Monday, January 24, 2005

Aerial eradication thwarted in Afghanistan

The US is backing off on its plan to force aerial eradication of poppy fields down the Afghani government's throat. With the illicit drug trade forming some 60% of Afghanistan's gross domestic product, it's clear why Karzai would want to tread lightly on the issue but what's striking to me is the way the $780 million US tax dollars was being allocated for the proposed counter-narcotics programs. $152 million had been earmarked for aerial eradication beginning this month.

And how much were they planning to spend to rebuild the economy with an alternate crops? $40 million. Oh and "in the meantime, the United States has given $500,000 for a one-time program to deliver wheat seeds and fertilizer to farmers in Nangarhar province, one of the major poppy-growing areas."

They don't say what they're going to do with the other 580+ million. My guess is that's all for military expenses. Further, "the administration will ask for up to $1 billion in aid for Afghanistan in a supplemental budget request in early February."

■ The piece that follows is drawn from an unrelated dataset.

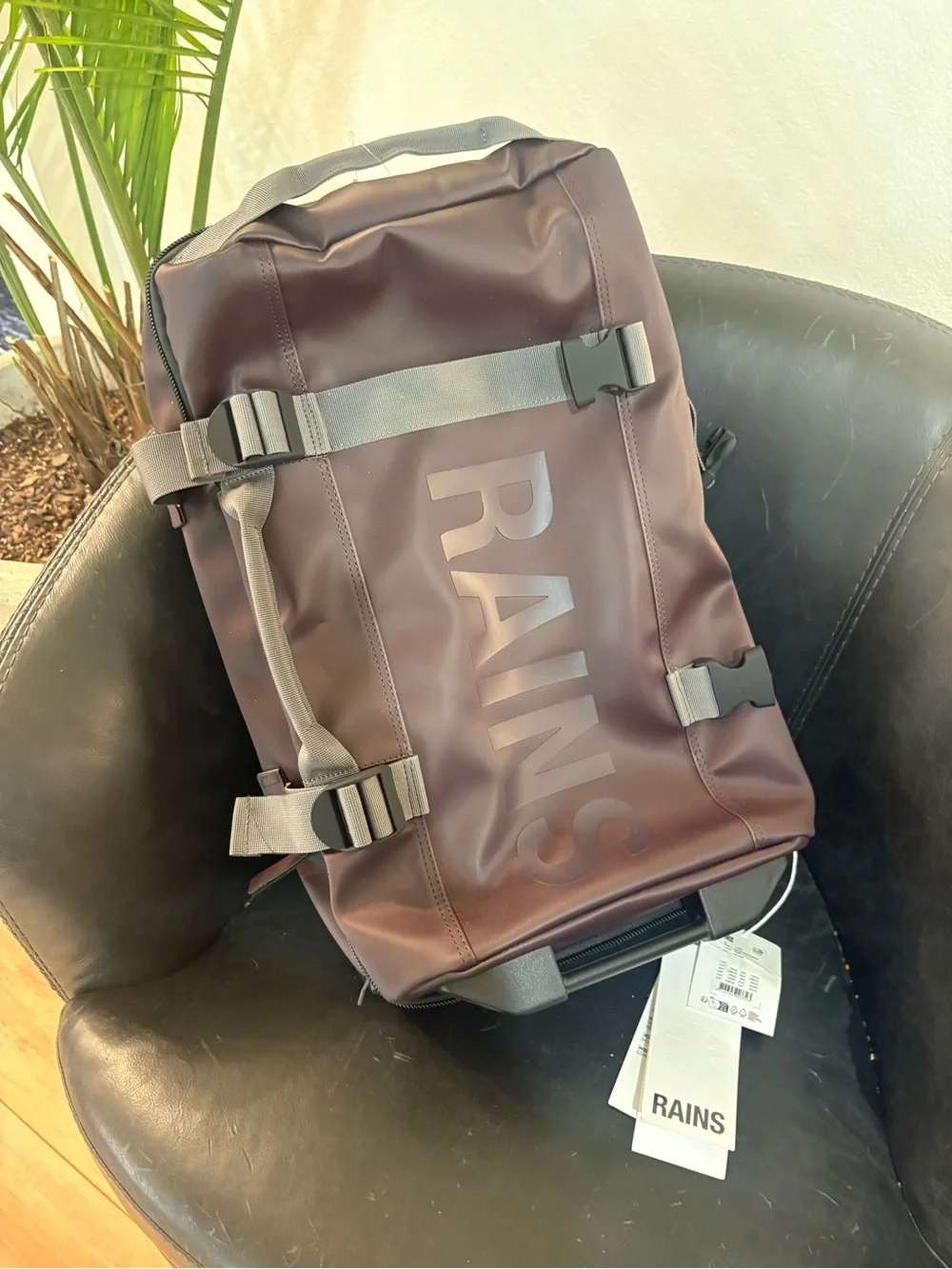 Rains Texel Cabin Bag in Dark Brown with Grey Straps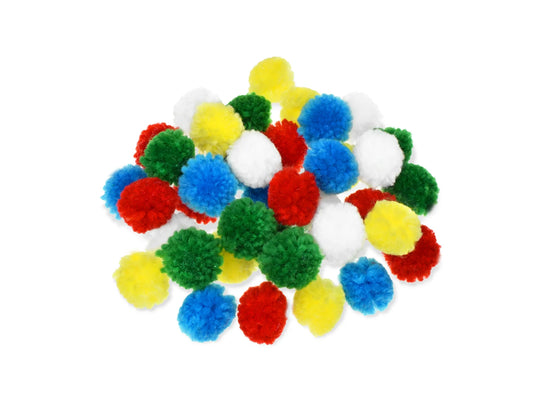 Krafty Kids: 1" Yarn-Poms 40pc B) Primary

Thinking of the Senlis Council's press release, it seems to me there's a simpler solution. We should buy the crop, turn it into legal morphine and simply pay the farmers enough to grow legal crops to make it worth their while to give up poppies. It wouldn't take that much. The farmers are not the ones making the money on the drugs. They are by and large poor people who simply grow the crop that gives the best return. Individually they still barely make enough to survive.

As former U.N. advisor in Afghanistan Barnett R. Rubin tells the Pak Tribune, "opium prices that had plummeted because of the bumper poppy harvest last year quadrupled on the expectation that eradication would make for a smaller crop this year."

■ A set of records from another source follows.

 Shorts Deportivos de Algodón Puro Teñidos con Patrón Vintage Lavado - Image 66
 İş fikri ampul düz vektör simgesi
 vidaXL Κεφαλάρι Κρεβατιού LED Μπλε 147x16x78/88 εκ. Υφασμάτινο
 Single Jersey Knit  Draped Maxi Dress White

Because opium can be stored indefinitely and sold when the price is right, the traffickers "are big supporters of crop eradication right now," said Rubin, who argues that supporting other forms of rural development is a better investment.

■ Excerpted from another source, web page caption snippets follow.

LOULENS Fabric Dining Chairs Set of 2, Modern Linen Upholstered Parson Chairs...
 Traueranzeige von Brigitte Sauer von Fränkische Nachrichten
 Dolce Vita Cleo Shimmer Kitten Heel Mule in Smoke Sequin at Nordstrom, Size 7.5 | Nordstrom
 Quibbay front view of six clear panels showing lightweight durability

"The net result of crop eradication will be a net transfer of income from opium growers to drug traffickers," he said.


We need look no further than the failed model in Colombia to see the truth in that. The US has poured millions of our tax dollars into coca eradication there and you all know what little effect that's had on the amount of cocaine on the streets of our cities.

Unfortunately, Bush doesn't get the lesson. The administration is currently reworking the proposal. They still want to go on with the eradication by hand. Don't ask what's that's going to cost.